4 Replies to “South of the River – It’s all in the game”

  1. As a person of some little ability as a child in a lot of sports back in the seventies I didn’t feel we were given the encouragement, training or support Jeremy speaks of. In fact I feel that without the help given to elite athletes of sports nowadays we as a country would still be a third rate has been, a country who would never be afforded the opportunities to witness or hold worldwide and world-class events such as the 2012 Olympics, Rugby world cups etc and many of our national teams would also suffer. So I say rather than the sour grapes, let’s show the support and pride these people deserve.

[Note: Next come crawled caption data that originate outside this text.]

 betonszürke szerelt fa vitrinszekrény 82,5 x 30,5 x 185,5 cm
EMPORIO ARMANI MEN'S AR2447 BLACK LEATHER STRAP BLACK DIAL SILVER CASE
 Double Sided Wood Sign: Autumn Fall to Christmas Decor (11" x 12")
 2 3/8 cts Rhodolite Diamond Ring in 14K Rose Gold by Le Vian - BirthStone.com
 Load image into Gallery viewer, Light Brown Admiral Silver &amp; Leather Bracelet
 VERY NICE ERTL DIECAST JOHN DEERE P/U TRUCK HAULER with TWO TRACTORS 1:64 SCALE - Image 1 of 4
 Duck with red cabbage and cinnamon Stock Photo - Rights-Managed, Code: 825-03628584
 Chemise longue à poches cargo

  2. I think the Olympics are great. They lift our spirits when the rest of the news is filled with doom. But don’t all rush to get involved in Beeston because sport is not for all in South Leeds. After 20 years the John Charles Centre for Sport still lacks a bus service for people in Beeston and Holbeck to access it easily. There is a very limited evening and Sunday service provided by the 481 bus. As an arriva service you wouldn’t even be able to use your First bus weekly saver ticket on this route. To reach on foot would end up a marathon for many people as the walk up Middleton Grove alone is 15 to 20 minutes. For the elderly or those with young children it would be particularly difficult. There is also a public safety issue as Middleton Grove is a lonely road to walk and no-one would recommend to walk it alone in the dark! I really don’t understand why this local sports facility has never addressed its serious access problems. A half hour service (day and evening) is all that is required. The 61 bus could have provided this before it was removed from its Holbeck/Beeston route.

  3. I agree wholeheartedly, Jeremy.
    I like the parody of a well known phrase that I read years ago: “If a sport is worth playing then it’s worth playing badly”.

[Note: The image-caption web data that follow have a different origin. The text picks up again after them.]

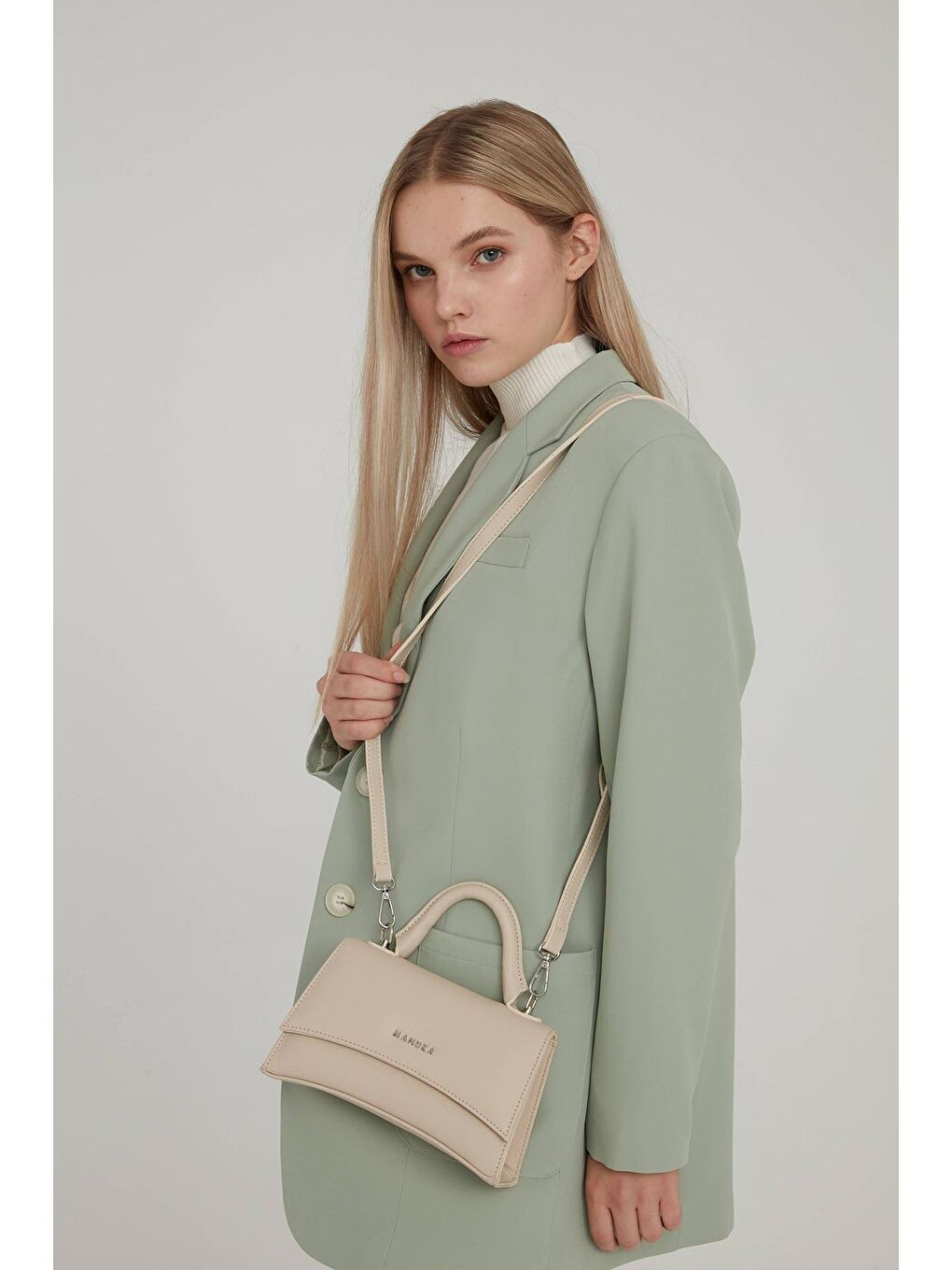 Dokulu Deri Çanta Bej-3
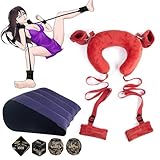 BDSM Restraint Toy red 8 Pieces, Handcuffs, Ankles, Cuffs, Clips, Ball gauges, mask, Rope, Leather, Restraint Set, SM Beginner Role-Playing Toy, BDSM Set Sweater Yoga UN/1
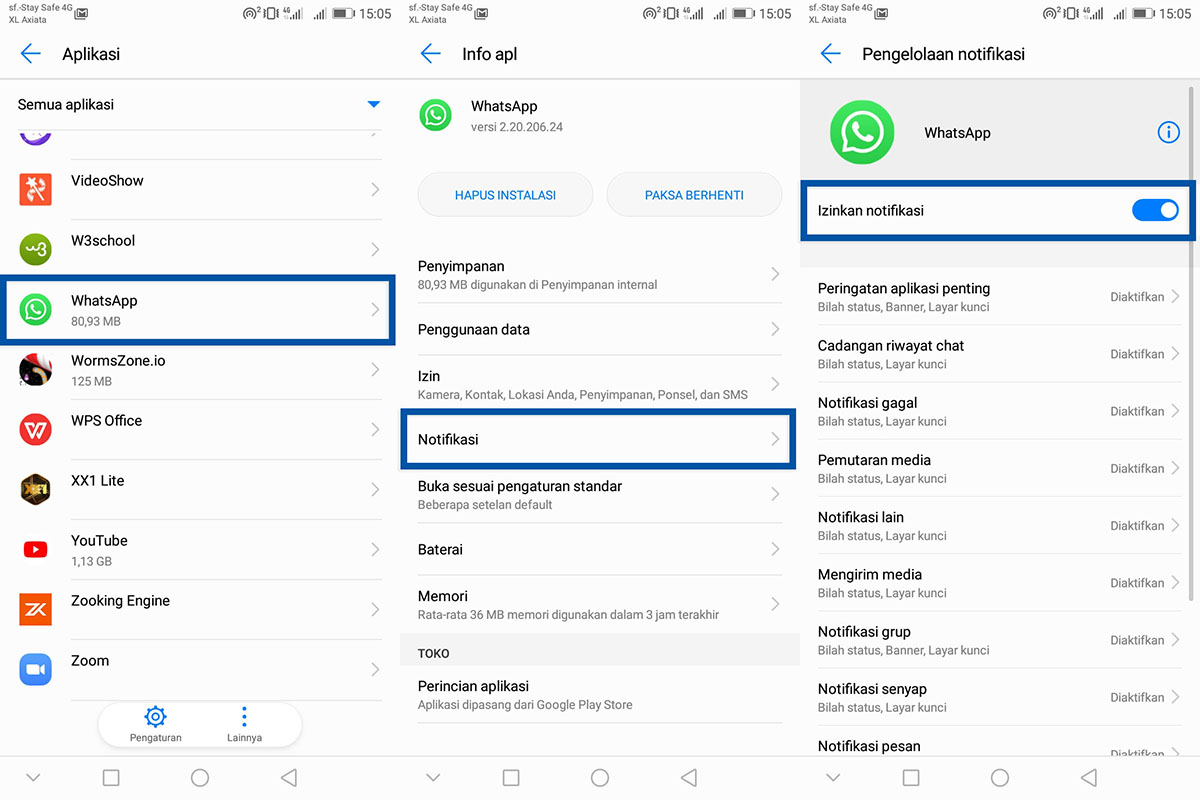 Izinkan Pemberitahuan WhatsApp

  4. All of the above accepted but I fail to see what this has to do with the athletes, the backroom staff or the funding bodies. ESPECIALLY WHERE THE paralympique athletes are concerned, one who just broke a world record in winning gold who lost her funding because she suffered a disability related illness, surely this is the fault of central government and its lack of funding to local council services such as transport, education and social care, I know a 2% allowance on council tax for care should be a help, but is it ring fenced, please look at the wider picture before, I feel unfairly having a go at the athletes and all that is associated with them.